Ook op de website van het CBG is veel informatie hierover te vinden.

Invloed bariatrische chirurgie op effectiviteit van orale antikankermiddelen

In Nederland heeft ongeveer 0,6% van de bevolking bariatrische chirurgie ondergaan. Deze ingrepen kunnen, via verschillende mechanismen, de effectiviteit van orale antikankermiddelen beïnvloeden. Voor ons is het daarom van cruciaal belang om te weten of een patiënt bariatrische chirurgie heeft ondergaan. Dit helpt ons bij het aanpassen van de behandeling en het monitoren van medicijnspiegels, om de effectiviteit van de therapie te waarborgen. 

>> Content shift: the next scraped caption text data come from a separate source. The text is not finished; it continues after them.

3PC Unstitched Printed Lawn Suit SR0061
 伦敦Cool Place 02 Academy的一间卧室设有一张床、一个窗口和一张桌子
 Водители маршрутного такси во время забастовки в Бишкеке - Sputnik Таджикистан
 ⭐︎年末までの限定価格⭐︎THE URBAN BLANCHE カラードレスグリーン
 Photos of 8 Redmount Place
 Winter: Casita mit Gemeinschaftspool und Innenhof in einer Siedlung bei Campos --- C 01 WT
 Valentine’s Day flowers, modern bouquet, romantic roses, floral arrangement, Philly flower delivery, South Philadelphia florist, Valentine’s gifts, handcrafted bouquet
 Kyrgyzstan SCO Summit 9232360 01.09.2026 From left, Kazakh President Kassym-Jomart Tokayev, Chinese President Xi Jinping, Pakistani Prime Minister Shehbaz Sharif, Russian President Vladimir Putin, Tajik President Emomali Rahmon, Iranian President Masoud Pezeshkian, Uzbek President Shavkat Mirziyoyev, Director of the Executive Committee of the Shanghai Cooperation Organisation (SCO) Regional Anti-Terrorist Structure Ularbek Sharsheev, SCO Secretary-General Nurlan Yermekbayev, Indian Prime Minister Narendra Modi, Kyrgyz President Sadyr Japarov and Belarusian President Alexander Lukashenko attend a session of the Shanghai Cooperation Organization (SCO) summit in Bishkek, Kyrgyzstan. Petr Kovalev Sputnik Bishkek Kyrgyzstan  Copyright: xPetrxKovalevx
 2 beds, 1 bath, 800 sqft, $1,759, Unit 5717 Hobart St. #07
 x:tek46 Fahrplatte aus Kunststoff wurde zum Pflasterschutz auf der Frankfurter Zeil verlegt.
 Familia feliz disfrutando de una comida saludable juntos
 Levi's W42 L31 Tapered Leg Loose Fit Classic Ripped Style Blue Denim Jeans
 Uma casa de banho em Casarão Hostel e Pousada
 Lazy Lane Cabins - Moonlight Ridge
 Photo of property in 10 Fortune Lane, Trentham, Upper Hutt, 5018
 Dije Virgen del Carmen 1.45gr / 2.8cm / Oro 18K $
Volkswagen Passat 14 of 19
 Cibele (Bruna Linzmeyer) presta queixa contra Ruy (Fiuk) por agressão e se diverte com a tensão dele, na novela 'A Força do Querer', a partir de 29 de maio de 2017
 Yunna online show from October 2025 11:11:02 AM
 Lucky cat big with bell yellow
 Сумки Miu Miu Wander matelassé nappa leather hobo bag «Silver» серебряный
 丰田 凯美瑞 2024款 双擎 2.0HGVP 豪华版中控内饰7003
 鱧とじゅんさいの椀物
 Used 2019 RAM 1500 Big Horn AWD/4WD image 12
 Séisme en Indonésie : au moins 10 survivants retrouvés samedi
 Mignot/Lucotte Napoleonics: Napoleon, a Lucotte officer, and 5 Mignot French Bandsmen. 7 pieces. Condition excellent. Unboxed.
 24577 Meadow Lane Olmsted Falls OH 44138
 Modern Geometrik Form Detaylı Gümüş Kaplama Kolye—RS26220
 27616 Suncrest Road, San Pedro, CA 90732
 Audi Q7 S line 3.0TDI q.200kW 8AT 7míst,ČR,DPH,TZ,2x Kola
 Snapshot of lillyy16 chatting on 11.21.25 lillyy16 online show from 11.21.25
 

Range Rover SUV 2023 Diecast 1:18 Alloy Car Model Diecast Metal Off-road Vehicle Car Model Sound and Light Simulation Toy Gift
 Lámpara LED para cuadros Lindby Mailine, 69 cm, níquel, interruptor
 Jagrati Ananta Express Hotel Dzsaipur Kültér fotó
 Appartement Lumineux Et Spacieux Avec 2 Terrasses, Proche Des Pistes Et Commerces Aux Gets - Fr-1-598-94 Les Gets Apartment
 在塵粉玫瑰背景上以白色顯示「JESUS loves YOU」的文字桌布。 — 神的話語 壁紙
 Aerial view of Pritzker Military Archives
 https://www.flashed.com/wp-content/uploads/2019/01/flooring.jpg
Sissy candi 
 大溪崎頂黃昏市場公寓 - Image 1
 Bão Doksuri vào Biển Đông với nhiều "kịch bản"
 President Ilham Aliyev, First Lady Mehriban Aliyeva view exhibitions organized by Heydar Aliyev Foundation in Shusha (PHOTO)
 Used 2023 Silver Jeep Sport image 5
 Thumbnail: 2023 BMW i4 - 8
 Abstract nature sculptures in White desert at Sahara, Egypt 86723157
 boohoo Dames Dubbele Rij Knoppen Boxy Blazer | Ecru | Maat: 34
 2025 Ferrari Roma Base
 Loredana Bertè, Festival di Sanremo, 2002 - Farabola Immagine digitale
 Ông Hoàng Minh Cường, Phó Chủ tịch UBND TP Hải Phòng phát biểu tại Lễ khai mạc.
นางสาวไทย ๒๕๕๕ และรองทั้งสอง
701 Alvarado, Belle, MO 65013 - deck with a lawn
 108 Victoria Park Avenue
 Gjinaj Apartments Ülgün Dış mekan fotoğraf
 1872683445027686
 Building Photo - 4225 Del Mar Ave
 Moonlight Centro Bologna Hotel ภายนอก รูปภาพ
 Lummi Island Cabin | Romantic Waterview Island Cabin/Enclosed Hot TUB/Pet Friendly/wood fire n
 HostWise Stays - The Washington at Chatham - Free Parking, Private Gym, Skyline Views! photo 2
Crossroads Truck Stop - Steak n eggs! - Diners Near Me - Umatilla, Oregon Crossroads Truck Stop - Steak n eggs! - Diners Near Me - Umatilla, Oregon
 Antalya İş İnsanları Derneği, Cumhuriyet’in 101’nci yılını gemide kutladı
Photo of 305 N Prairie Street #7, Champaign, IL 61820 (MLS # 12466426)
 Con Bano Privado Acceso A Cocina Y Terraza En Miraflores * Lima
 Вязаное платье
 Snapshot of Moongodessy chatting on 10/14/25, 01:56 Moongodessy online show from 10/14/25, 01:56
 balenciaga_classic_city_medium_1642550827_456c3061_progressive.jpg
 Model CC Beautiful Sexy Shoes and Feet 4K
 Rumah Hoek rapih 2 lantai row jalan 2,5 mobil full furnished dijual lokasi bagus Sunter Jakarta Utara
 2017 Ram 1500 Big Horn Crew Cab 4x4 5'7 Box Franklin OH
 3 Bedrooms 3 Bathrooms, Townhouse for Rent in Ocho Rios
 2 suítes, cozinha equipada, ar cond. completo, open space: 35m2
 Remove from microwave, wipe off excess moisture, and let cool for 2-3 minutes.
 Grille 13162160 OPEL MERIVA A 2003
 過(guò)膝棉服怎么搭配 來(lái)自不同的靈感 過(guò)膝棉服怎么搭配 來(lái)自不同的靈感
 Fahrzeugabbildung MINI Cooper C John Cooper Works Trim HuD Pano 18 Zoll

Door veranderingen in de anatomie van het maag-darmkanaal worden onder andere de pH van de maag, de maaglediging en de gastro-intestinale doorlooptijd aangepast. Dit heeft vooral invloed op de opname van geneesmiddelen. Dit kan helaas leiden tot een verminderde effectiviteit van behandelingen.

Een verhoogde pH van de maag leidt tot een verminderde opname van middelen met een pH-afhankelijke oplosbaarheid, oftewel middelen die een zuur milieu nodig hebben om op te lossen.

In eerder onderzoek, uitgevoerd in het Antoni van Leeuwenhoek, hebben wij de impact van bariatrische chirurgie op de opname van orale antikankermiddelen onderzocht. Van de 140.000 patiënten die tijdens het onderzoek werden behandeld, waren 571 (0,4%) bekend met bariatrische chirurgie. Dit percentage kan echter een onderschatting zijn, aangezien oncologen niet altijd op de hoogte zijn van de uitgevoerde operatie bij hun patiënten. Het onderzoek toonde aan dat bij verschillende antikankermiddelen een duidelijk effect zichtbaar was van de bariatrische ingreep op de opname van deze essentiële geneesmiddelen.

Om de invloed van bariatrische chirurgie op de opname van geneesmiddelen te beoordelen, wordt vaak het Biopharmaceutics Classification System (BCS) gebruikt. Dit systeem deelt geneesmiddelen in op basis van hun oplosbaarheid en hoe gemakkelijk ze de darmwand passeren. Vooral middelen die slecht oplosbaar zijn of moeilijk via de darmwand worden opgenomen, kunnen na bariatrische chirurgie problematische spiegels vertonen. Voor deze middelen wordt het uitvoeren van spiegelbepalingen (TDM) sterk aanbevolen. Niet alleen de BCS-klasse bepaalt of spiegelbepalingen nodig zijn; intra-individuele variabiliteit speelt ook een belangrijke rol. 

Bij middelen met een lage oplosbaarheid of beperkte opname is het risico groot dat onvoldoende blootstelling aan het geneesmiddel wordt bereikt, zeker als er extra risicofactoren aanwezig zijn. Deze factoren kunnen onder meer de afwezigheid van TDM, een pH-afhankelijke oplosbaarheid en de aanwezigheid van een 'enabling formulation' zijn. Zo heeft bijvoorbeeld palbociclib een speciale formulering ('solid dispersion') om de opname te bevorderen.

Voor ons is het daarom van cruciaal belang om te weten of een patiënt bariatrische chirurgie heeft ondergaan. Dit helpt ons bij het aanpassen van de behandeling en het monitoren van medicijnspiegels, om de effectiviteit van de therapie te waarborgen. U kunt deze cruciale informatie toevoegen in uw verwijsbrief.